Tale of the Tutu
There was only one ballerina who could make the tutu what it is, and was, in 1832, Marie Taglioni, the era’s superstar, and the dancer whose style defined the Romantic ballet movement. In her leading role as an airy woodlands sprite in La Sylphide, Taglioni brought evervescence, lightness and grace to the stage unlike any of her acrobatic predecessors. She seemed weightless—in part thanks to her tutu, the world’s first, designed by Eugène Lami. (Taglioni, whom Joseph Cornell was obsessed with, also stars in Encyclopedia of the Exquisite.)

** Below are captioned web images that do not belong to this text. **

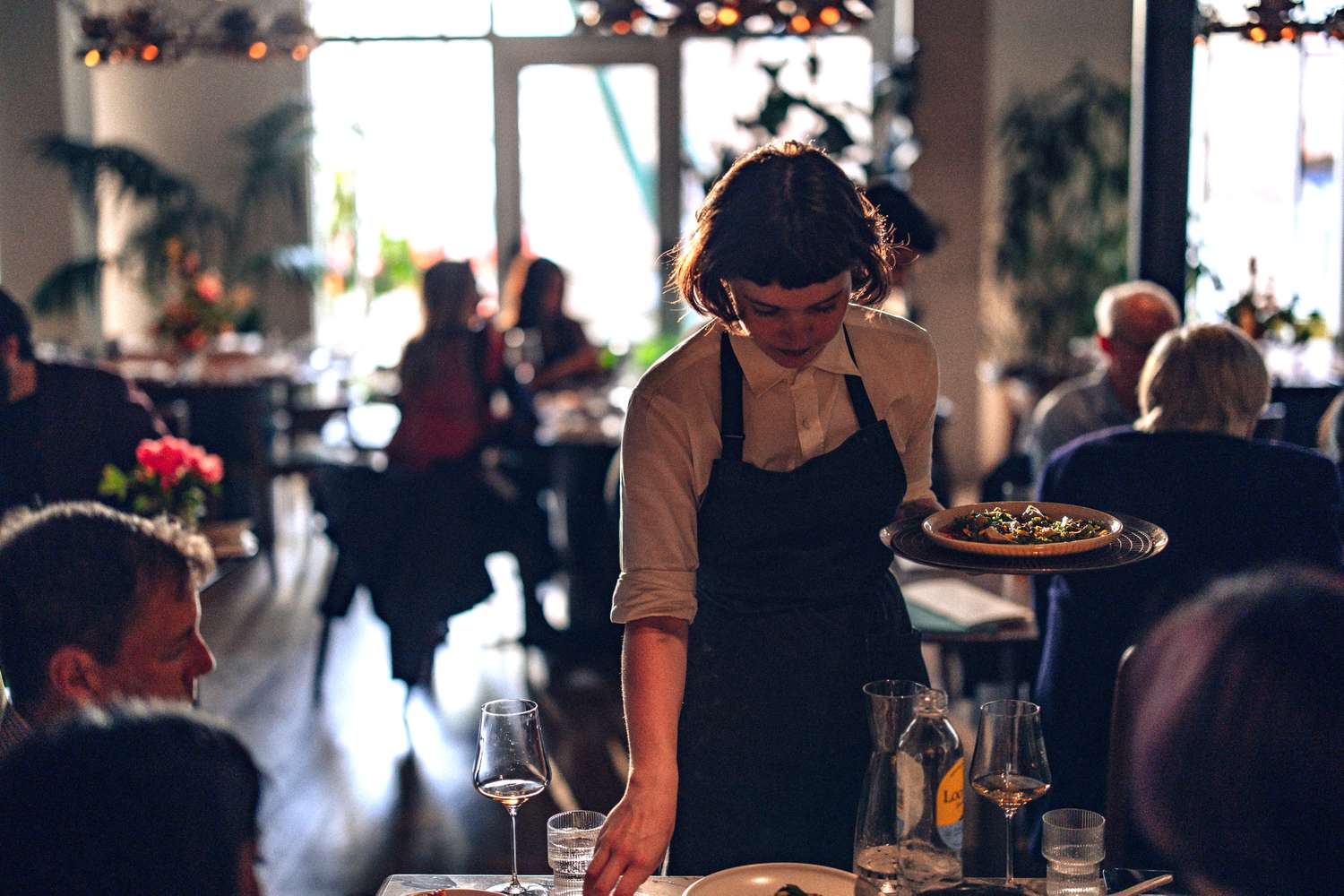 American Express and Resy launch free leadership program for restaurant workers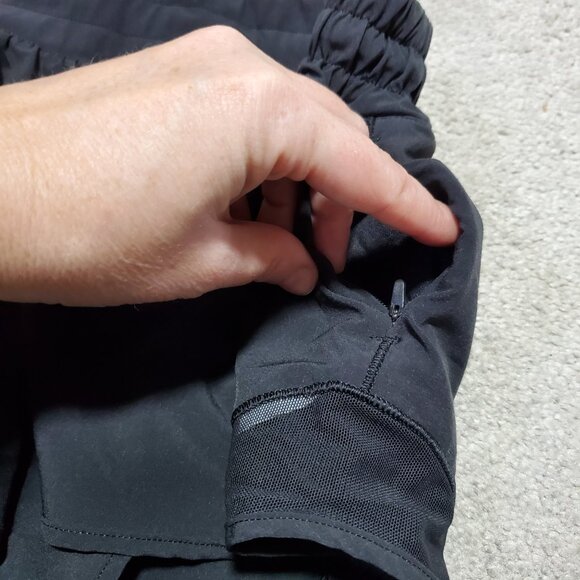 LULULEMON Hotty Hot Shorts 2 II Swift Mesh Lined Running Gym Black Womens 8 x 2" - Picture 4 of 16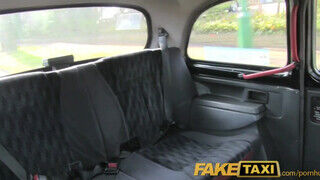 FakeTaxi - Világos Szőke bige megkettyintve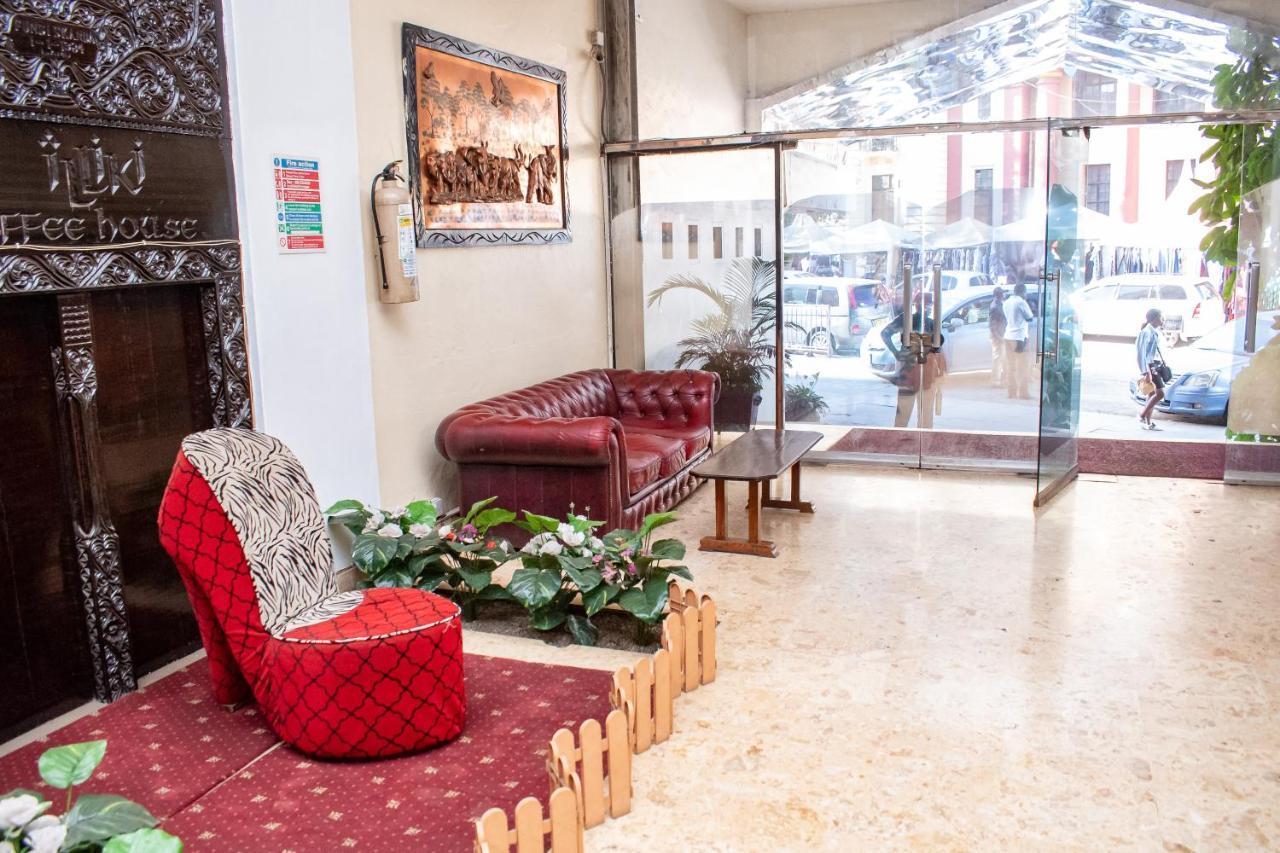 Ambassadeur Hotel Найроби Екстериор снимка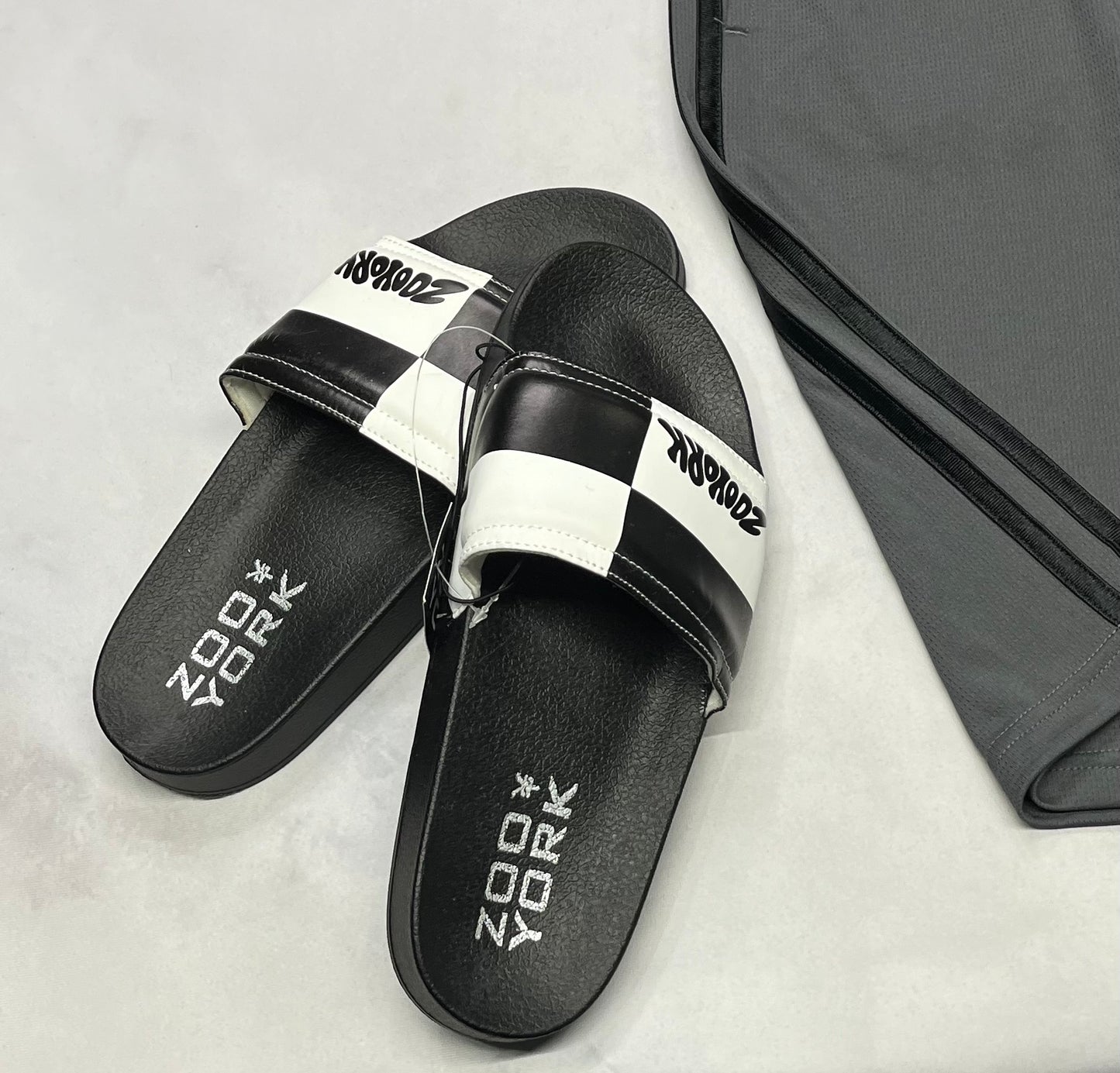 🌴 SOLDE Zoo York : 7 junior garçon neuve ! Dessus coussiner . Mini craquelures dans un coin .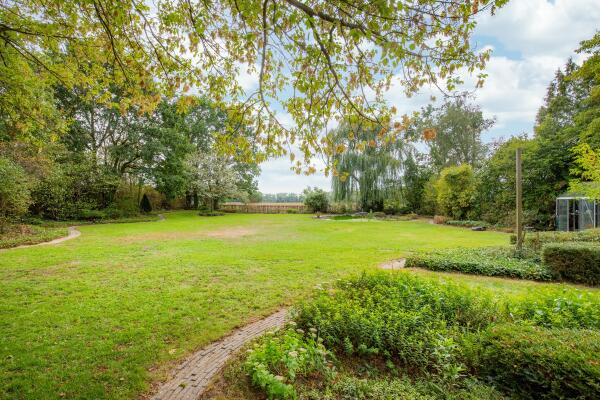 photo 34 Dorpstraat 128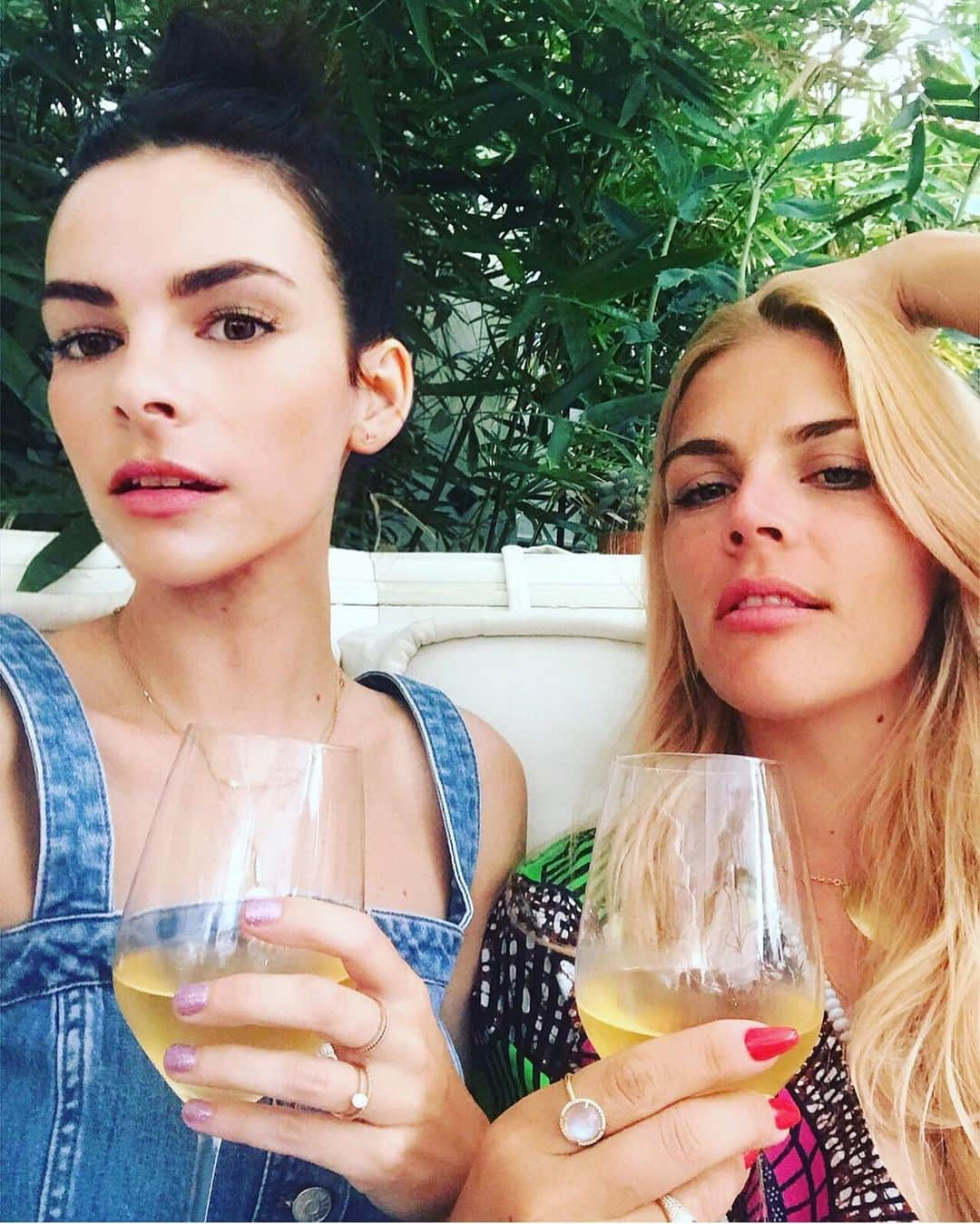 ビジー・フィリップスさんのインスタグラム写真 - (ビジー・フィリップスInstagram)「Happy Birthday to @kellyoxford. Here we are in 2016 when you were blonde and I was into my fashion glasses. Then the night I got too drunk on orange wine, then one of our Disneyland trips, then just our tits in a pool. I loved us then and love us now and happy birthday here's to many more and also this year will be the best year yet because every year gets better and that's a fact.❤️❤️❤️❤️」11月30日 12時07分 - busyphilipps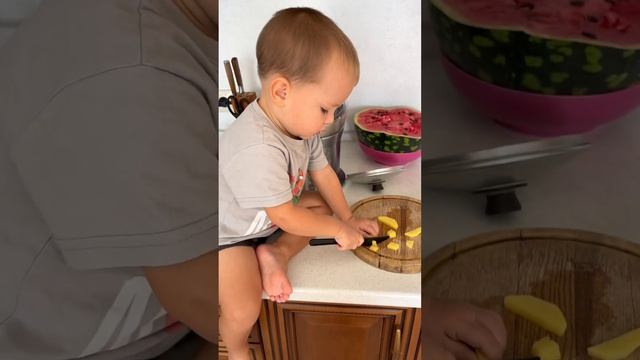 Готовит суп! #дети #семья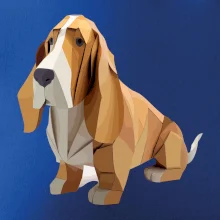 Baset zlepený z papiera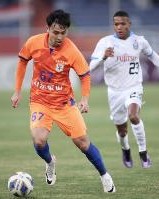 媒体人：泰山队今天从长春回到济南，吴兴涵大概率踢不了深圳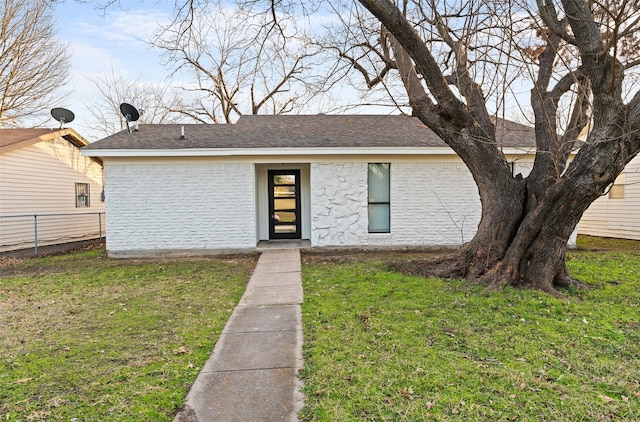 view of front facade with a front lawn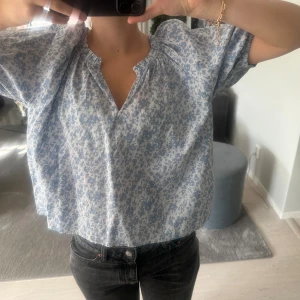 Other stories blus - Säljer denna sjukt söta blus från other stories! Jag köpte den förra året i Köpenhamn.💞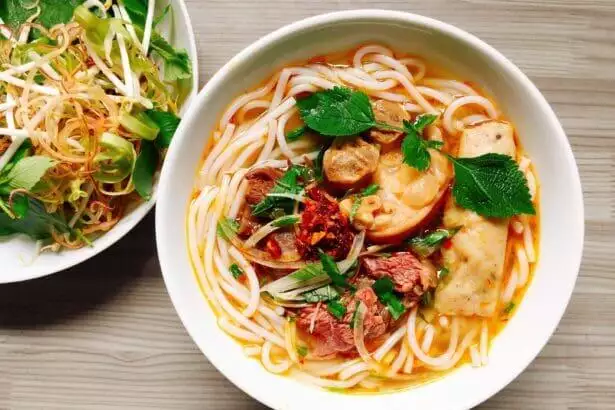 A Scrumptious Food Tour Awaits at NYC''s Lower East Side!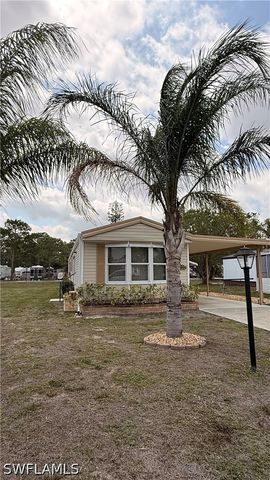 10651 Wales LOOP, Bonita Springs, FL 34135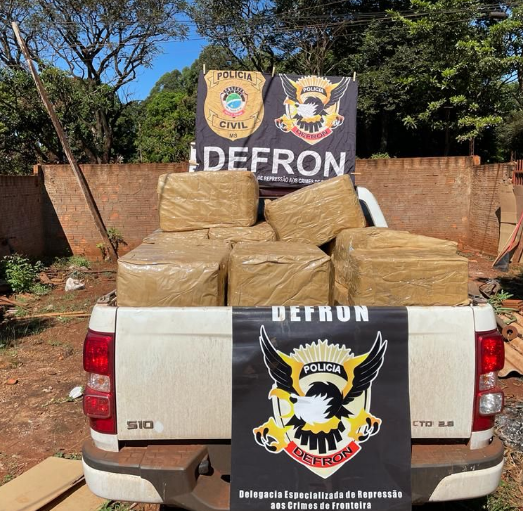 DEFRON apreendeu quase uma tonelada de maconha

Parisian fashion editors went wild for Taglioni, celebrating not only her spritely dancing, but her lilting costume, which made it look like she flew. The dress was made of layered cotton gauze, with puffed sleeves and a floating transparent belt in blue silk. She wore flowers in her bodice and a crown of wildflowers in her hair. Her simple satin slippers, though popular in the ballroom, were new to the ballet, and are still worn by ballerinas everywhere today. To complete the look—a pair of transparent wings.
But while Taglioni’s costume might seem full of innocence and light now, in her own time it was the stuff of seduction. Shapely legs! Transparent skirts! Theophile Gaultier called the tutu an “abuse of white gauze, tulle and tarlatan,” and the tutu took its name from the French slang, cucu or petit cul, meaning the behind.